1) We can sqoop data out of source tables (or receive data files from the source) either in total or using a last update timestamp.
2) Every table has a primary key
3) If we have to deletes, they come to us in a separate file
4) Otherwise we can do a pseudo-upsert (using delete / insert; or merge/replace)
Challenges with this process:
No upsert in Hive
Takes a lot of extra space to do that kind of merge / replace
Not all tools support the right data file types to make this really efficient (ORC)
The real-time process is a bit more complicated. After receiving the data from the EMR (as small batch files), the process has three phases.
First is the translation of the data format. What we receive is somewhat complex variable-length / variable-format record type. So, we have to have several rules for interpreting incoming records.

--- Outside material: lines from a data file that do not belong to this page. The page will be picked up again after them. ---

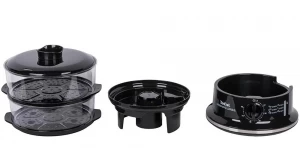 Aparat de fiert cu aburi Tefal VC140131 thumbnav 4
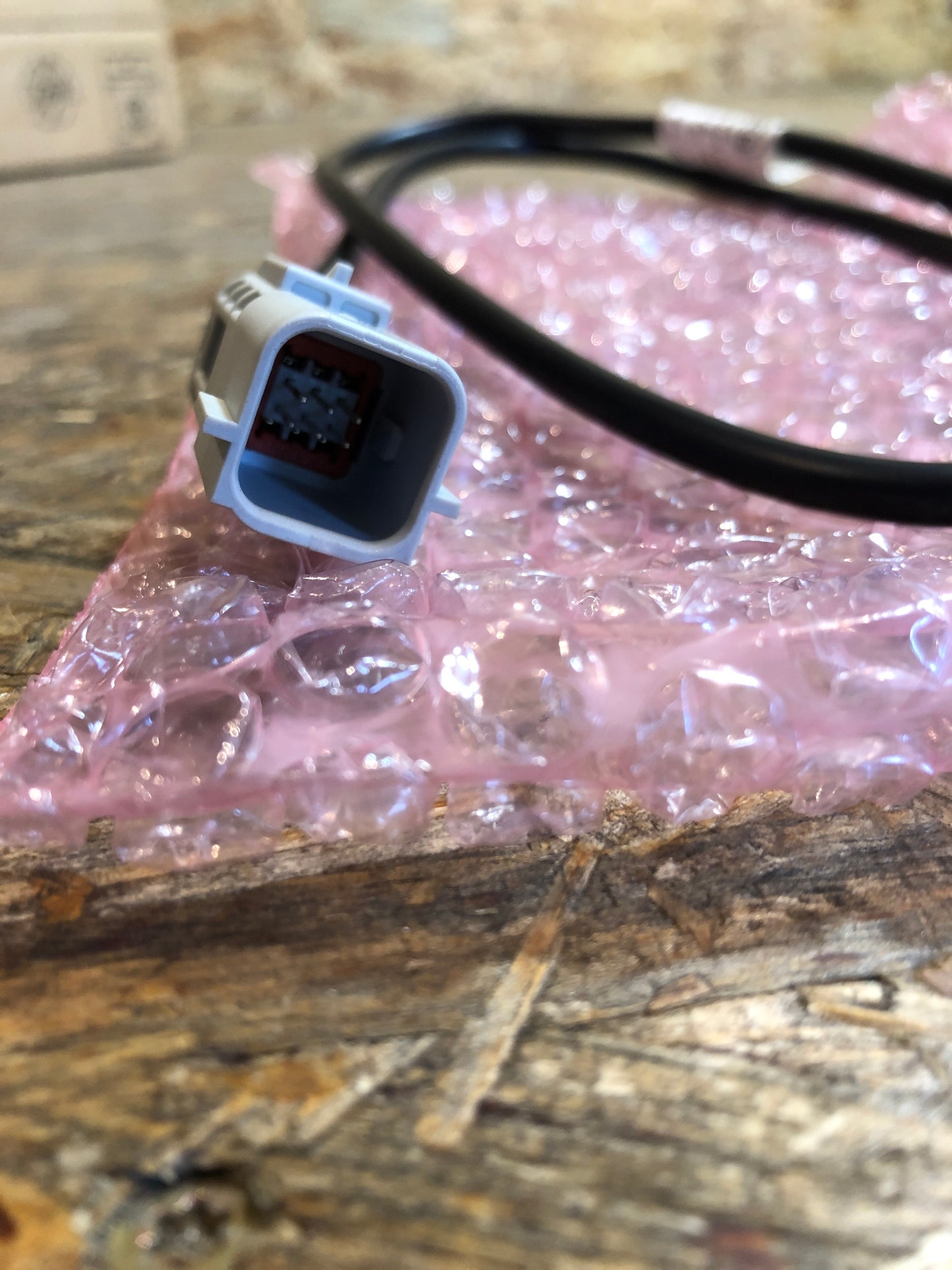 Original GM Opel Corsa E Bj. 14-19 66kW Rückfahrkamera Neu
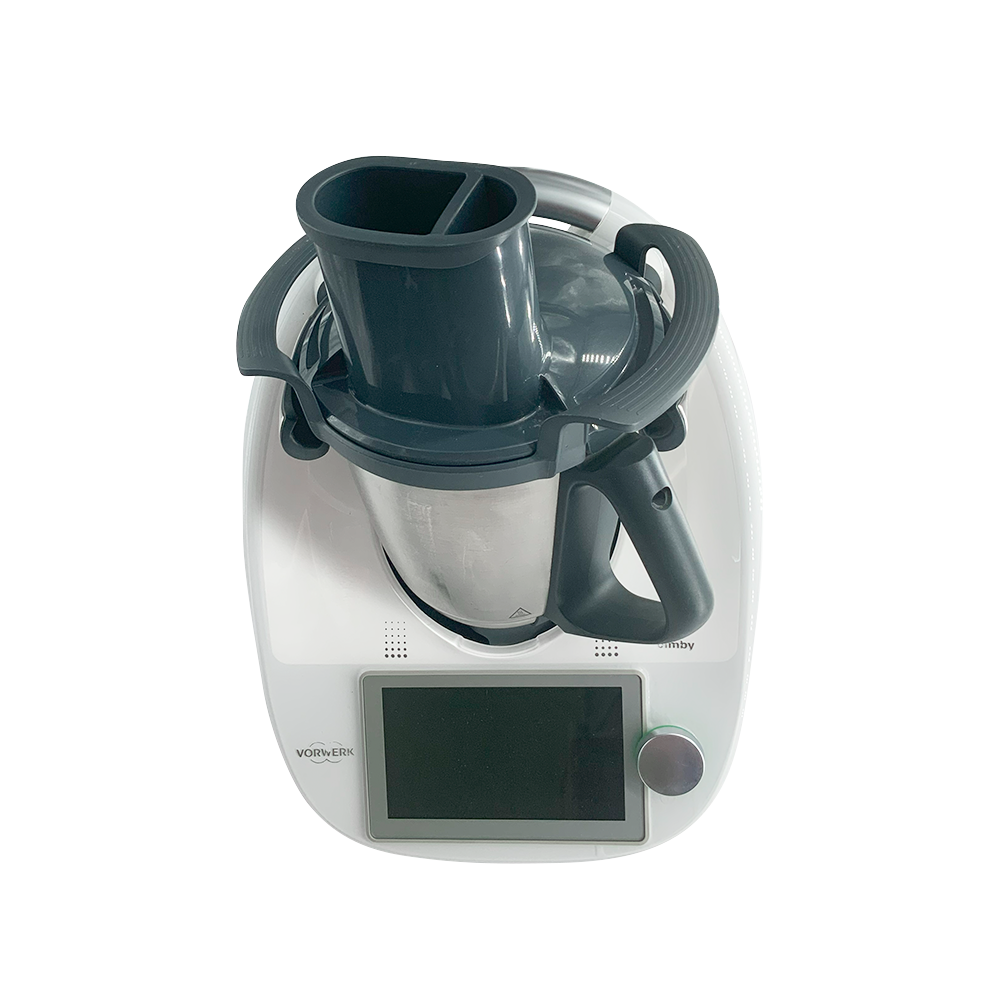 bierre store vorwerk bimby tm 6 rigenerato - foto 2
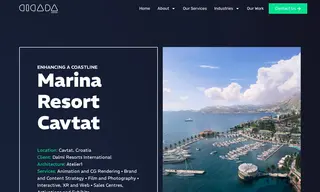 Preview of the Dalmi Resorts International Case Study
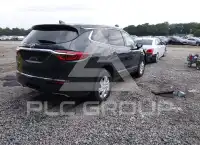 2021 Buick ENCLAVE photo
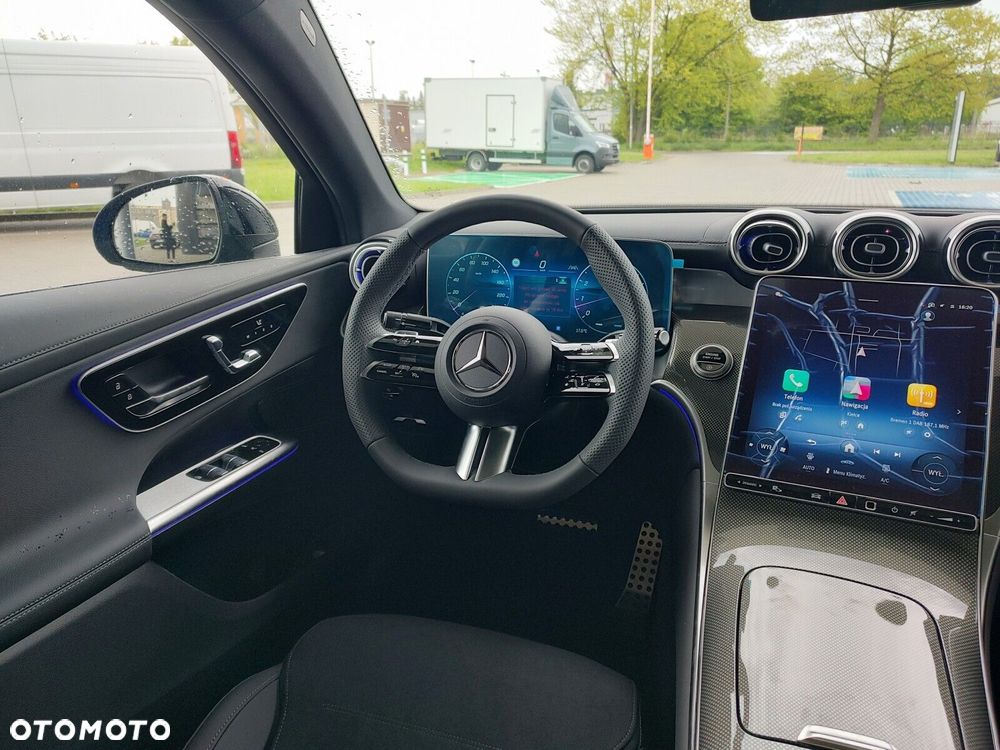 Mercedes-Benz GLC - 19
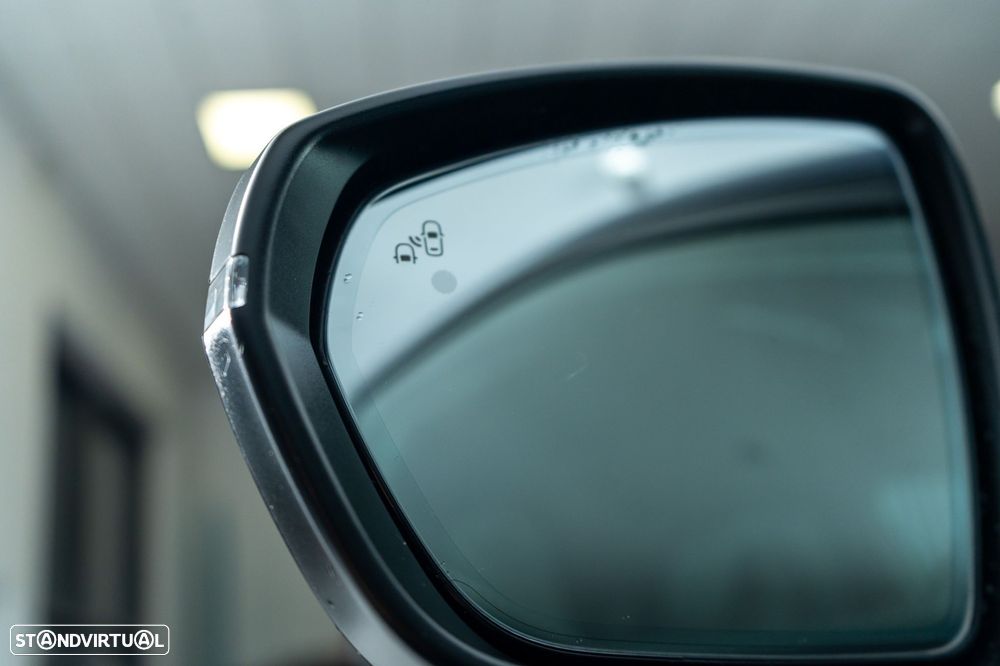 DS DS7 Crossback E-Tense Performance Line EAT8 - 37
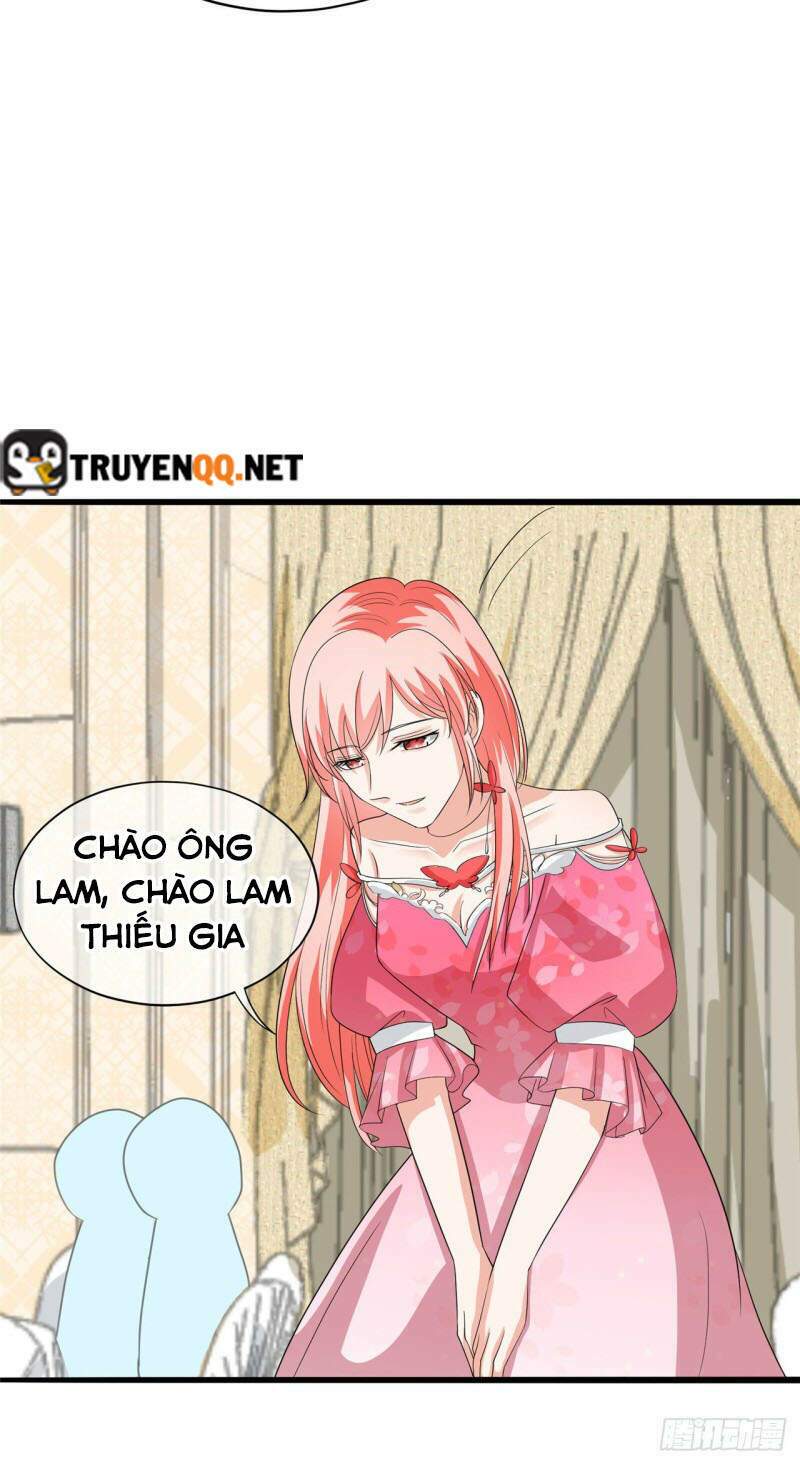 siêu cấp nữ thần trọng sinh chapter 36 - Next chapter 37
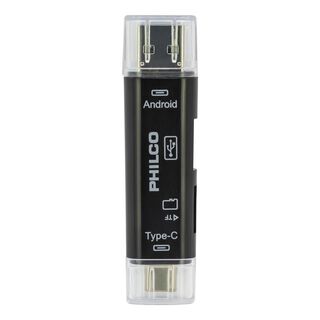 LECTOR MICRO SD / USB 3 EN 1 OTG,hi-res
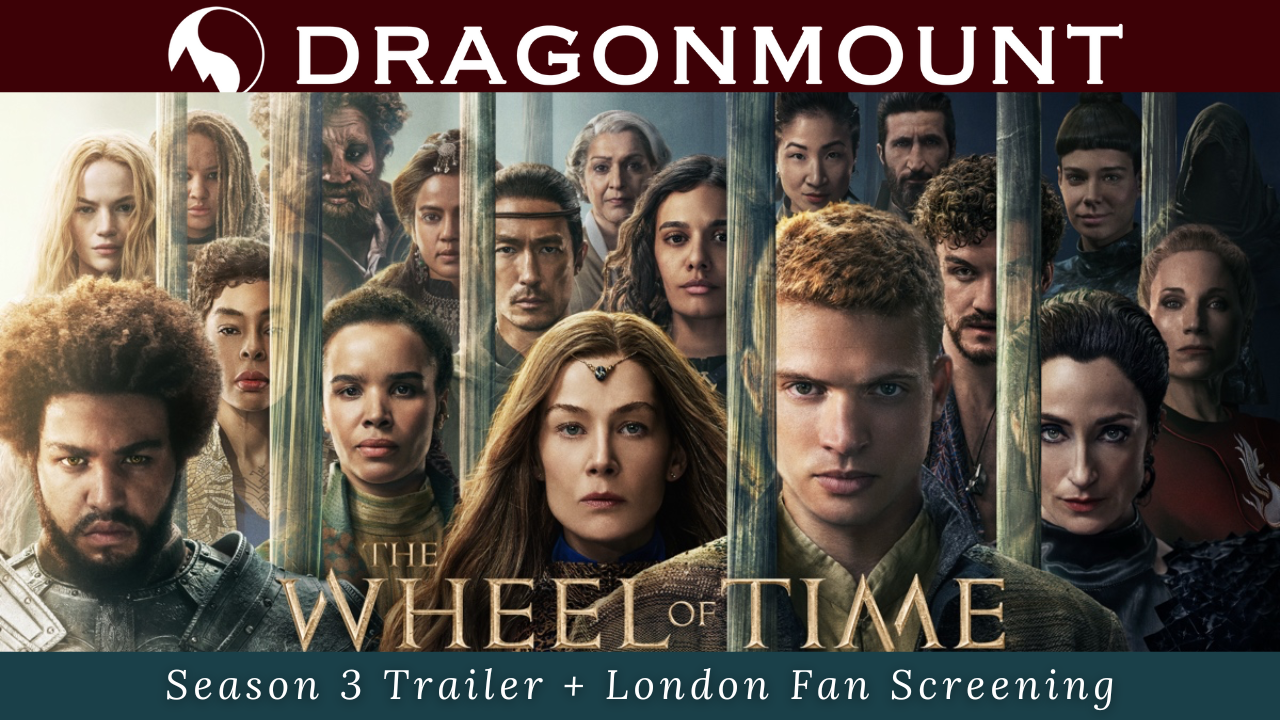 More information about "New Season 3 Trailer + London Fan Screening event announced!"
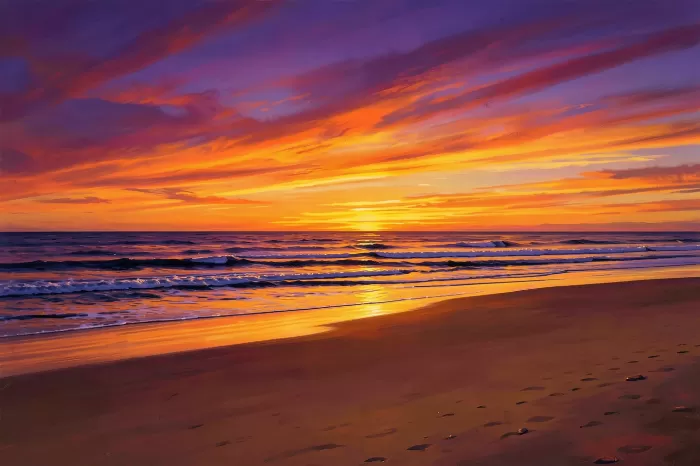 Jersey Dawn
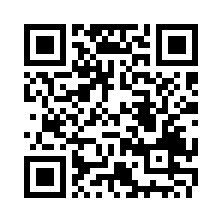 QR Code for bitcoin:19a8HPv86Vo5UXKdAZ8cfJrdHMaaXjJ1ov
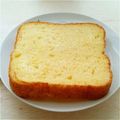 kokoro＠'s cooksnap of when they made ＨＢでブリオッシュ.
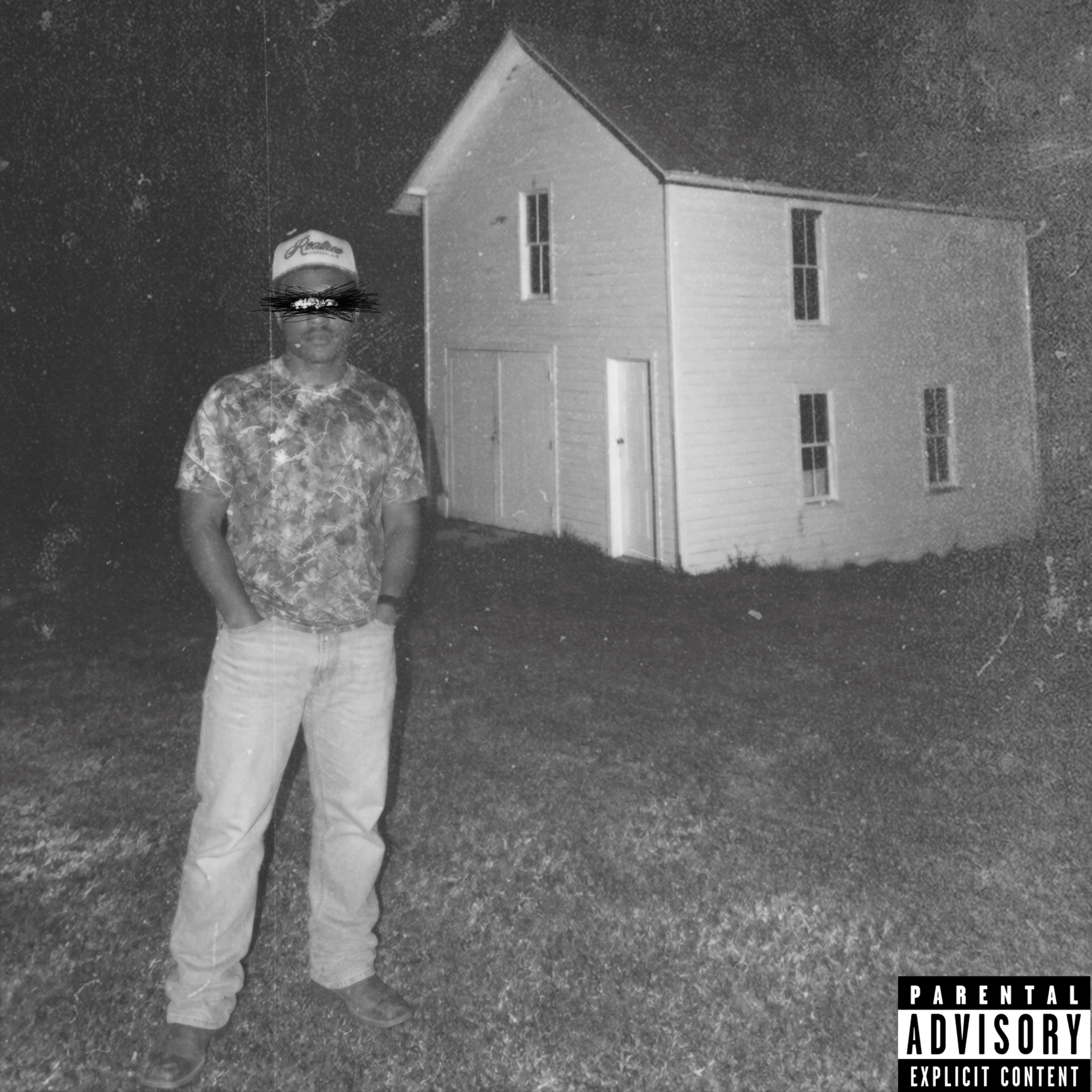 P.H.I.L (Pain Hidden In Love) by RICH LEWIS cover art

Second is the conversion of data from the EMR semantics into the reporting database semantics. There are thousands of surrogate key translations and foreign key mappings that happen. Luckily, the metadata on how these should occur is maintained in database tables by the EMR vendor.
Finally, the data is mapped into the appropriate target tables and stored in correspondig Hbase tables.
It’s important to note that our real-time updates only come as cell-level information. The source system doesn’t transmit full records, only those fields that have been updated or populated. So, to use our real-time data store, we have to merge the full records from the nightly batch with the individual cell updates from the real-time process.
So, we use Hive/Hbase integration to bring the realtime data into Hive.
Then we use Hive views to merge the two datasets together.
Not shown here, we also have a complicated way to distringuish that a field has been set to NULL versus a field that simply hasn’t seen a real-time update.